= William Clowes Ltd. =

British book printer

William Clowes Ltd. is a British printing company founded in London in 1803 by William Clowes. It grew from a small, one press firm to one of the world's largest printing companies in the mid-19th century. The company merged with Caxton Press, operated by William Moore in Beccles, Suffolk in the late 19th century and concentrated its business in the town following World War II. It is one of the UK's largest manufacturers of directories and reference books and continues to operate out of its large printing factory at Ellough near Beccles as part of the CPI UK group.

==History==
Clowes established the firm on 21 October 1803 at 20 Villiers Street, London next to the Strand. The company was small in the beginning, having only one printing press and one assistant. Clowes worked for three days and nights to finish his first job, which satisfied the customer. Business soon grew from word of mouth, as customers were impressed with the company's speed and accuracy.

===Expansion and steam powered presses===
The company expanded in 1823 with the purchase of Northumberland Court and the installation of its first steam-powered presses (made by Applegath and Cowper). However, the new noisy presses disturbed the Duke of Northumberland, whose palace was nearby, and he ordered the company to cease operation. When Clowes refused, the case was tried in court in June 1824, where the printer won with the help of his attorney John Copley. Clowes agreed to move the presses though in exchange for a sum paid by the Duke. The exchange proved fruitful for Clowes, as the bankruptcy of Archibald Constable caused a short period of bad business that afflicted the London publishing industry and the Duke's compensation helped offset the large losses Clowes experienced during this time.

In 1826, the company purchased and moved to premises on Duke Street (now Duchy Street), Lambeth. This had previously been occupied by Applegath and Cowper. The firm, which was renamed at William Clowes and Sons in 1839, grew rapidly, and by 1843 was one of the largest printing companies in the world: it operated 24 presses and had its own type and stereotype foundries, 2500 tonnes of stereotyped plates (at the time worth at least 500,000 pounds sterling), and a collection of 80,000 woodcuts. In 1847, Clowes died, and three of his sons, William Clowes the younger (1807–1883), Winchester, and George, took over running the company. In 1851, the company secured a large contract to print half a million catalogues for the Great Exhibition. The project involved the use of 50 tonnes of type, 30,000 reams of paper and three tonnes of ink.
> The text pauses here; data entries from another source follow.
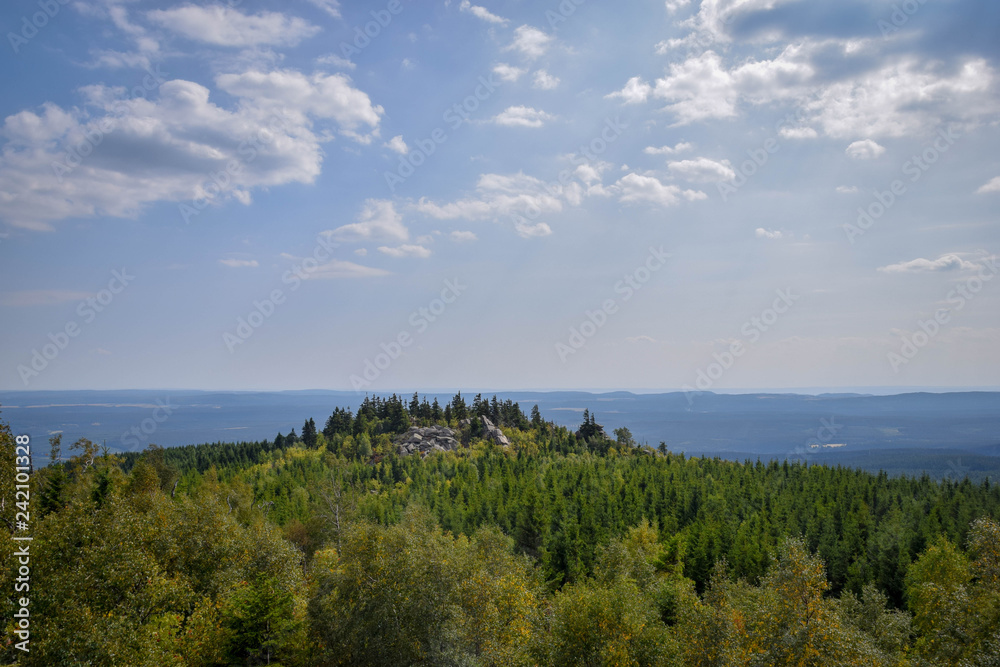 Wald mit blick aufs Tal, Harz, Brocken, Bäume, baum, Wald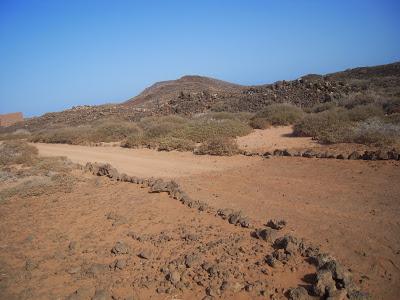 ESCAPADA A LA ISLA DE LOBOS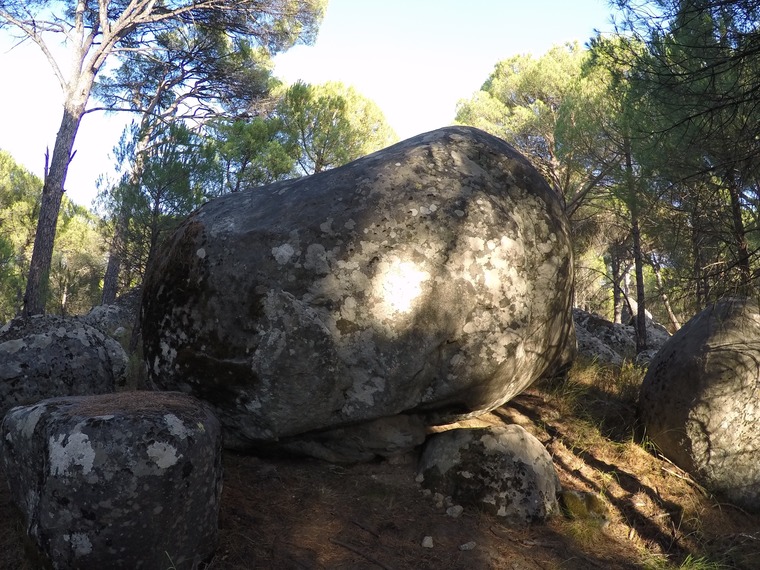 Barış'ın Bıyığı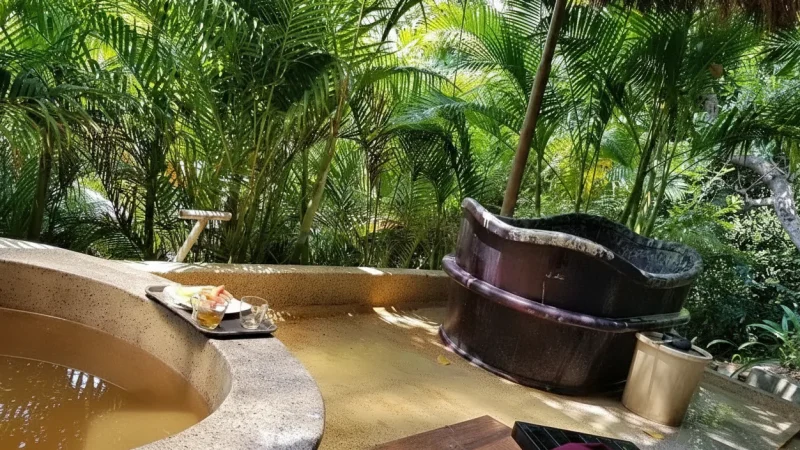 Thap Ba Mud Bath – Mineral & mud bath(6)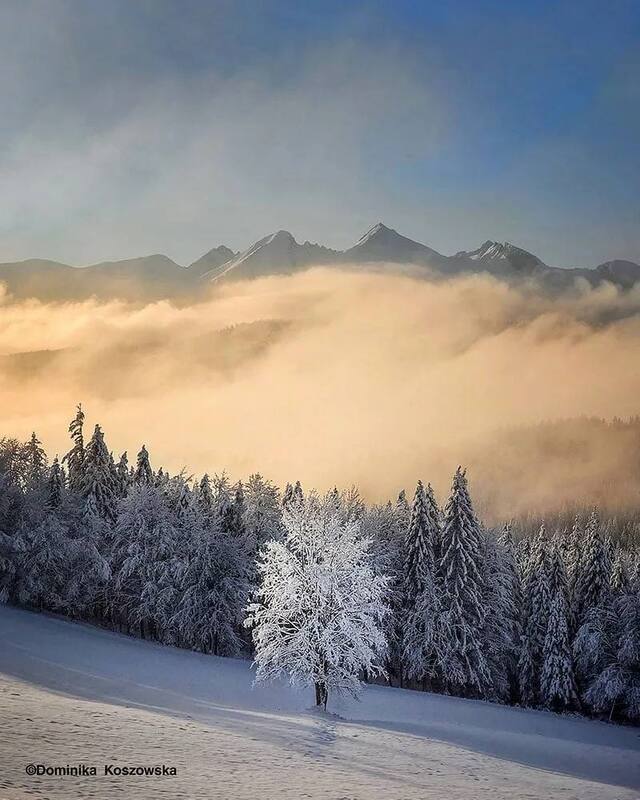 معرفی فینالیست‌های مسابقه عکاسی آب‌وهوا ۲۰۲۵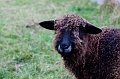 Louisbourg080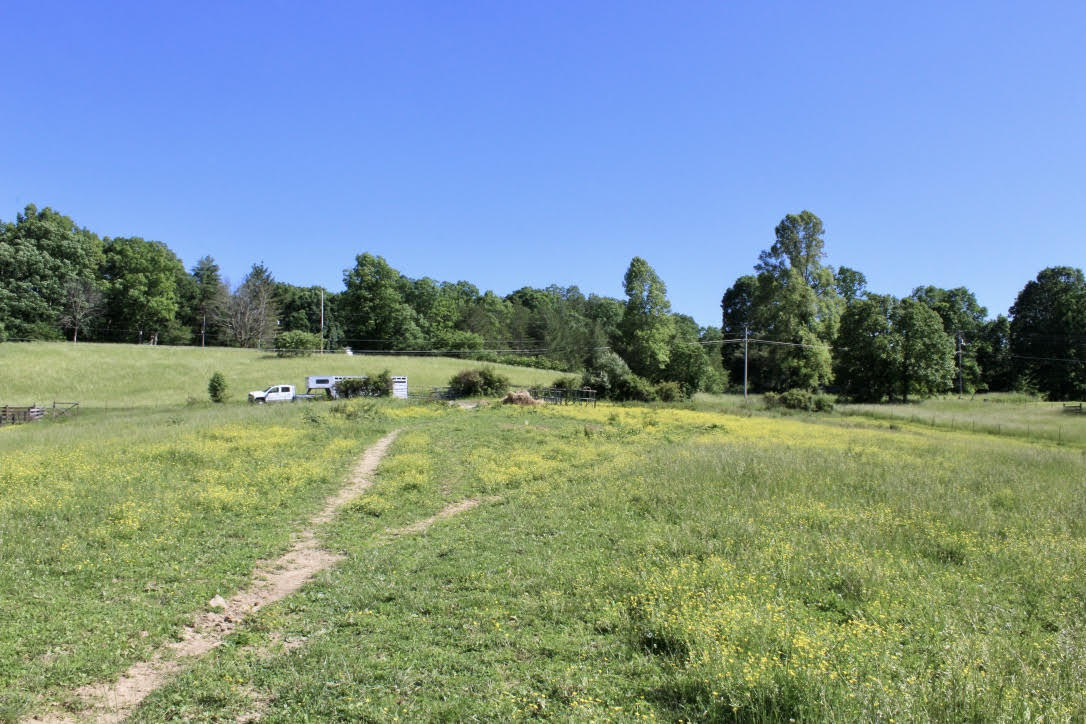 Cross Road Winfield, TN 37892 - Photo 2 of 20 unnamed-3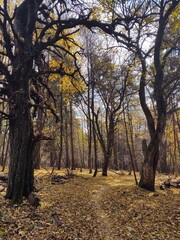 Obraz premium Trees in the forest during summer or autumn. Slovakia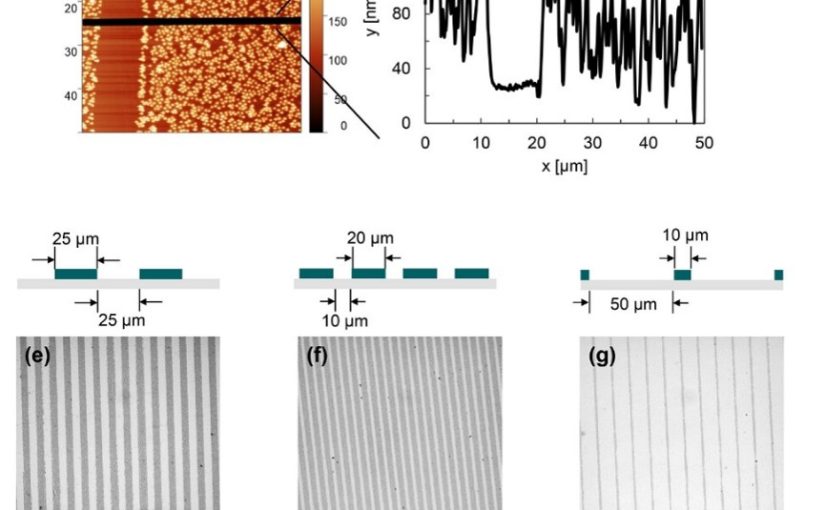 Multifunctional Microstructured Surfaces by Microcontact Printing of Reactive Microgels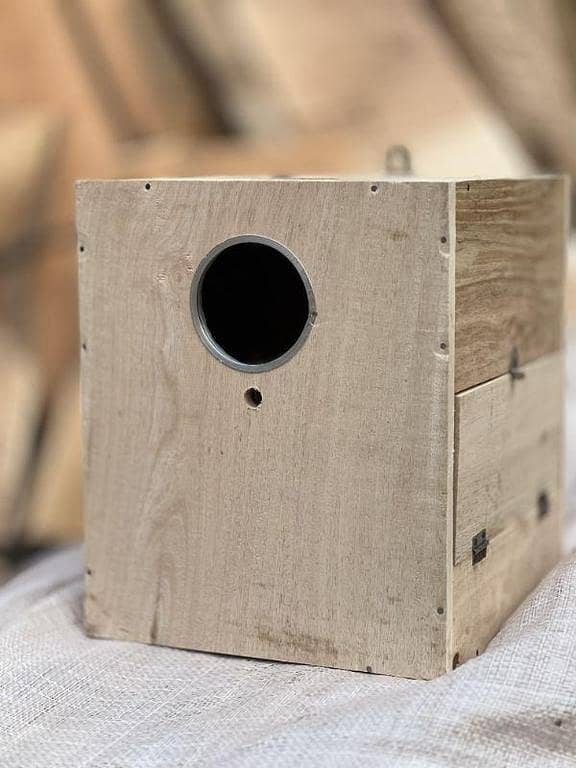 (Big Size ) Breeding Box for , cocktail, ( Mango Wood) birds breeding box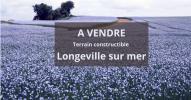 Vente Terrain Longeville-sur-mer 85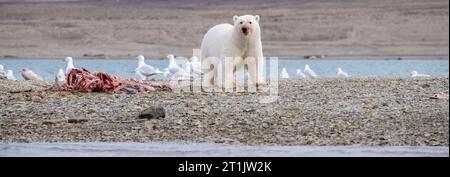 Kanada, Nunavut, Coningham Bay. Eisbär ernährt sich von einem Belugawal-Kadaver. Stockfoto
===Merger with Caxton Press===
In 1873, William Clowes the younger's eldest son, William Archibald Clowes (1843–1904), and his nephew William Charles Knight Clowes (1838–1917) entered a partnership with William Moore, who operated the Caxton Press in Beccles, Suffolk. Although Moore suddenly disappeared, leaving a considerable debt, the firm survived and was re-established as Clowes and Clowes. It grew from operating four presses to 15 in just three years. In 1880, Clowes and Clowes merged with William Clowes & Sons to form William Clowes Ltd.
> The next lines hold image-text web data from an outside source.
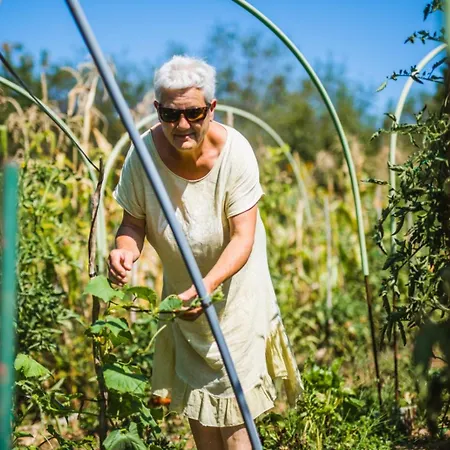 House In With Terrace, Air Conditioning, Wifi 3709-2 * Zrnovo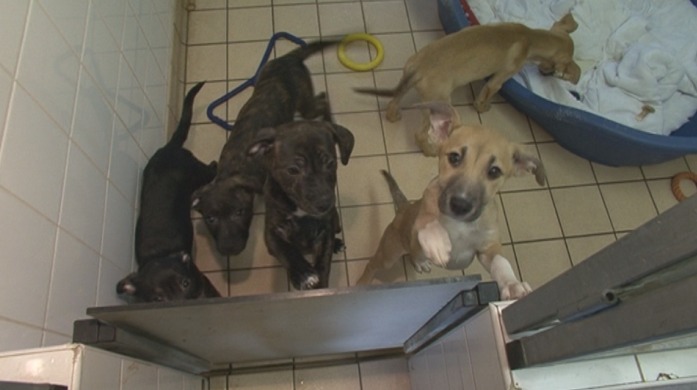 Assembly Members to vote on dog breeding regulations ITV News Wales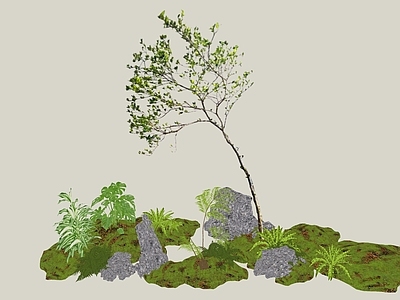 乔木 2D精品海岛栀子 海岛栀子花 中式意境植物 杂木风庭院植物 庭院骨架小乔木
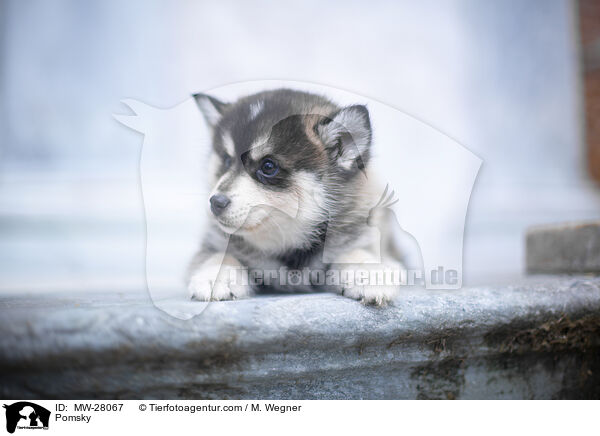 Pomsky / MW-28067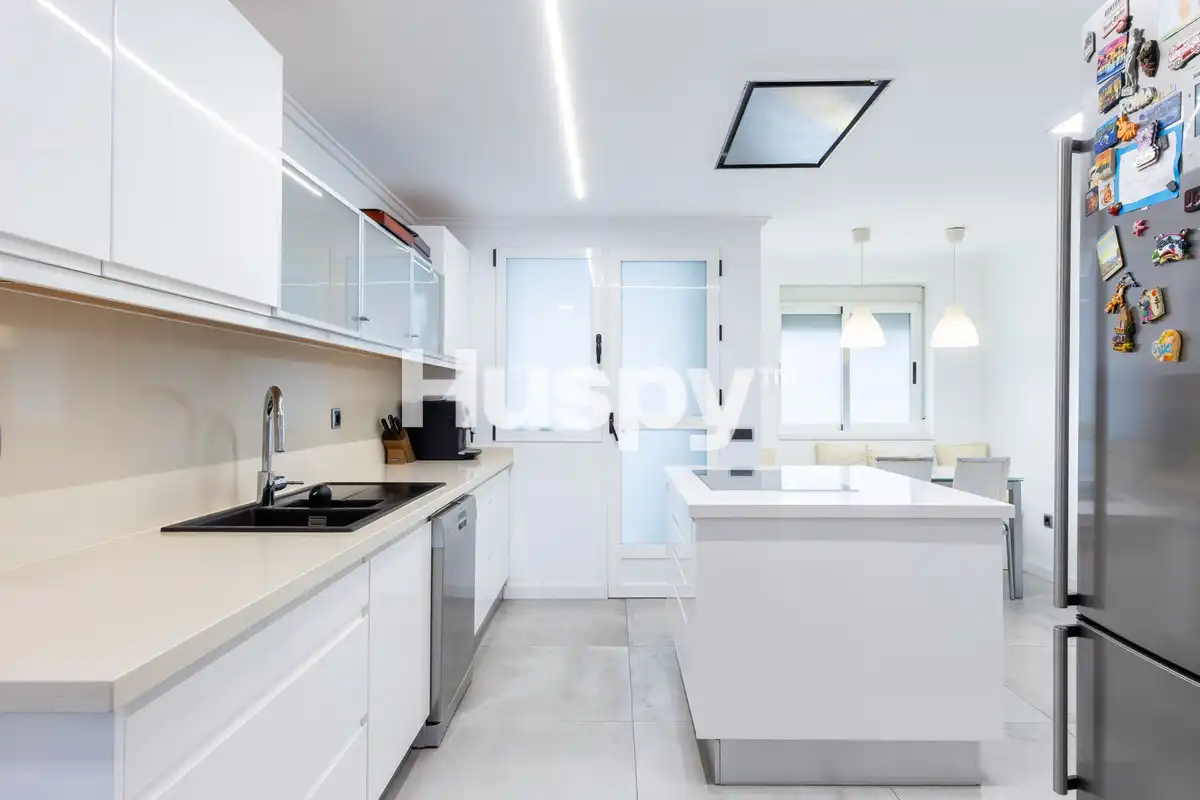 Cocina de Piso en venta en El Pla del Real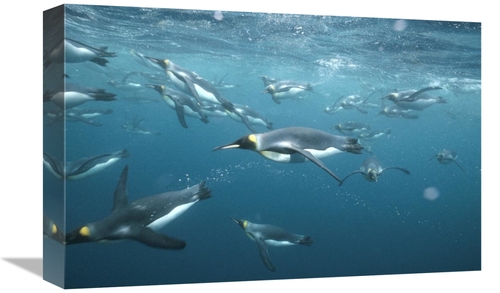 Global Gallery GCS-451354-1218-142 12 x 18 in. King Penguins Underwate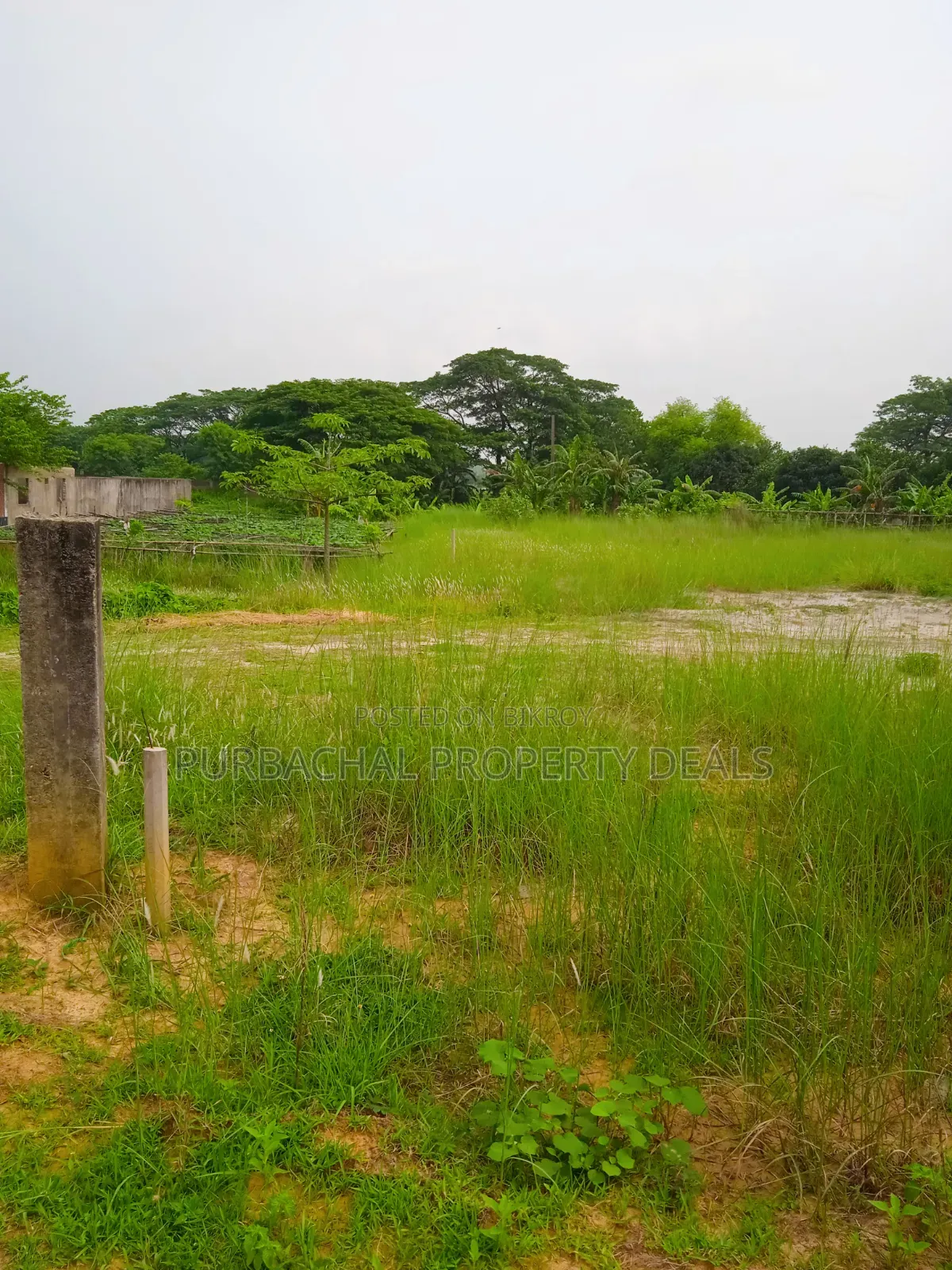 60 Decimal Land for Sale Suitable for Residential/Commercial Projects in Purbachal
===Relocation to Beccles===
The company continued operating into the 20th century, but suffered a setback during World War II, when the Blitz destroyed its Duke Street offices. Following the war, the firm decided to concentrate on expanding its presses in Beccles. In the late 1970s, computerised phototypesetting was introduced to the company which has continued to invest in digital technology. The company sold its old Beccles premises in 2003 and moved to a new, custom-built factory at Ellough on the outskirts of Beccles in 2004.